Hakim Agung California, Martin Jenkins, telah menjadi hakim agung gay pertama di bangku itu.

Jenkins dibesarkan di lingkungan Ingleside San Francisco, menghadiri Sekolah Katolik St. Michael.

Sebagai putra dari dua orang tua yang dibesarkan di Jim Crow selatan, dia berkata bahwa dia dibesarkan untuk menjadi pria kulit hitam yang bangga. Dan baru kemudian dia menyadari bahwa dia gay.

“Tentu saja menjadi jelas bagi saya di tahun-tahun sekolah menengah saya bahwa saya memiliki ketertarikan pada jenis kelamin yang sama,” kata Jenkins.

Jalan Hakim Jenkins menuju pengadilan tinggi adalah jalan yang tidak biasa, dengan beberapa perhentian berbeda di sepanjang jalan.

“Saya ingin menjadi sopir bus Muni. Saya hanya berpikir itu adalah pekerjaan yang keren,” katanya.

Tidak ada halte bus di rutenya, tetapi ada halte di lapangan.

Setelah lulus SMA, Justice Jenkins mendaftar di Universitas Santa Clara dan menjadi kapten tim sepak bola di sana. Rencananya saat itu adalah untuk lulus dan menjadi guru sekolah menengah dan pelatih sepak bola – tetapi hal-hal tidak berjalan seperti yang dia rencanakan.

“Pelatih kepala di Universitas Santa Clara, pelatih kepala dan direktur atletik adalah seorang pria terhormat bernama Pat Mally. Dan dia berkata, saya tidak berpikir Anda harus melakukan itu. Saya pikir Anda harus pergi ke sekolah hukum. Anda memiliki nilai yang bagus, Anda kapten tim, Anda adalah pemimpin di antara para pemain di tim ini, dan saya pikir Anda dapat memberikan lebih banyak kontribusi untuk lingkungan Anda. ”

“Anda adalah pemimpin di antara para pemain di tim ini, dan saya pikir Anda bisa memberikan lebih banyak kontribusi untuk lingkungan Anda.”

Pelatih kepala SCU memberi tahu jenkins

Setelah lulus pada tahun 1977, Jenkins mendaftar ke beberapa sekolah hukum yang berbeda, tetapi seperti keberuntungan, jalur karirnya mengambil jalan memutar yang singkat, tetapi sama sekali tidak terduga – sebagai agen bebas dengan Seattle Seahawks.

Dia hanya bermain sebagai bek bertahan untuk Seahawks selama beberapa pertandingan pramusim sebelum menyadari menjadi agen bebas tidak akan memberikan keamanan yang akan diberikan oleh karir di bidang hukum.

Dia mengambil langkah pertamanya dari lapangan sepak bola dan masuk ke bidang hukum dan terdaftar di USF School of Law.

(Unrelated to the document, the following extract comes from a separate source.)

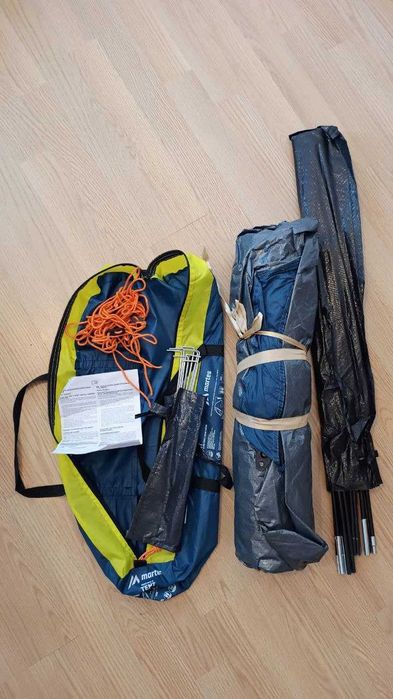 Namiot Tentino II – użyty tylko raz, stan jak nowy!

Dan dia berkembang di sana.

Jenkins lulus pada tahun 1980, menerima penghargaan untuk perbedaan luar biasa dalam beasiswa, karakter, dan kegiatan – melambungkan dirinya ke jalur hukum yang mengesankan.

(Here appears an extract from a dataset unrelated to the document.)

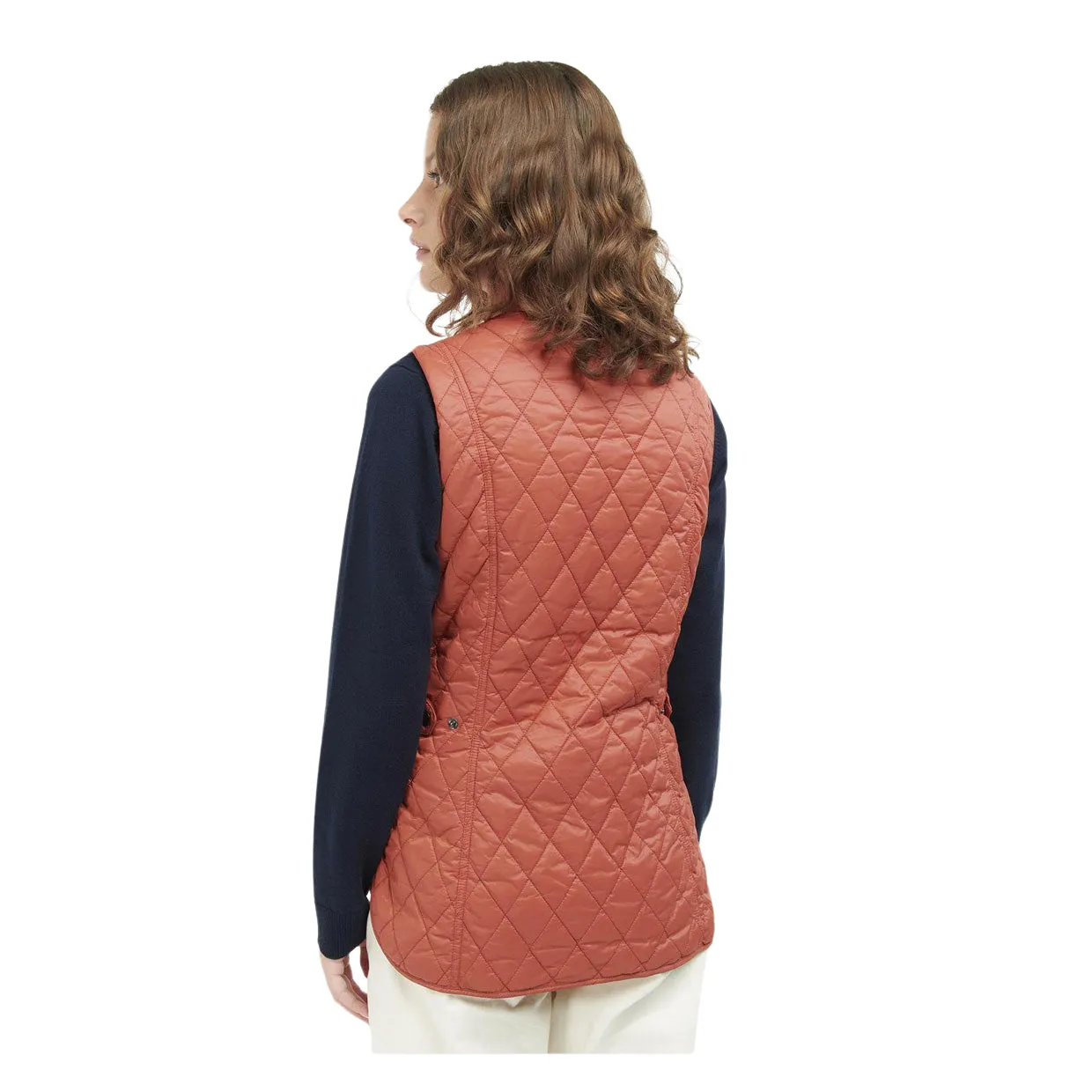 Gilet Uomo Barbour Otterburn Arancione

Pada tahun 1989, mantan Gubernur California George Deukmejian mengangkatnya menjadi hakim di Pengadilan Kota Oakland.

Dari sana, Jenkins melanjutkan ke tingkat yudisial ke Pengadilan Tinggi Alameda County, Pengadilan Banding California, Pengadilan Distrik Amerika Serikat dan akhirnya Pengadilan Tinggi. pengadilan tertinggi di negara bagian.

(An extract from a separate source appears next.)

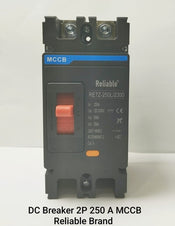 2P 250A MCCB, DC MCCB 1000V Solar Molded Case Circuit Breaker MCCB of Reliable, Overload Protection,Protector for Solar Photovoltaic PV - Image 2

Dia adalah hakim gay pertama yang terbuka di bangku Mahkamah Agung Negara Bagian … tetapi baru pada awal 60-an dia keluar sebagai gay – yang berarti dia menjalani sebagian besar kehidupan dewasanya dengan menekan identitas seksualnya.

Sekarang di usia 67, keadilan menjalani kehidupan terbaiknya dengan rekannya, makelar Los Angeles Sydney Shand. Tapi meski homoseksualitasnya bukan titik fokus publik, itu telah menjadi bahan bakar untuk kesuksesannya.

“Siapapun yang mengenal saya tahu identitas saya adalah sebagai seorang lelaki gay, mungkin tantangan terbesar dalam hidup saya. Dan itu tidak mudah. Saya di sini bukan karena perjuangan, saya di sini karena perjuangan.”

Hakim Martin Jenkins

Ketika Hakim Jenkins tidak meninjau kasus, dia mengambil tantangan baru dalam musik.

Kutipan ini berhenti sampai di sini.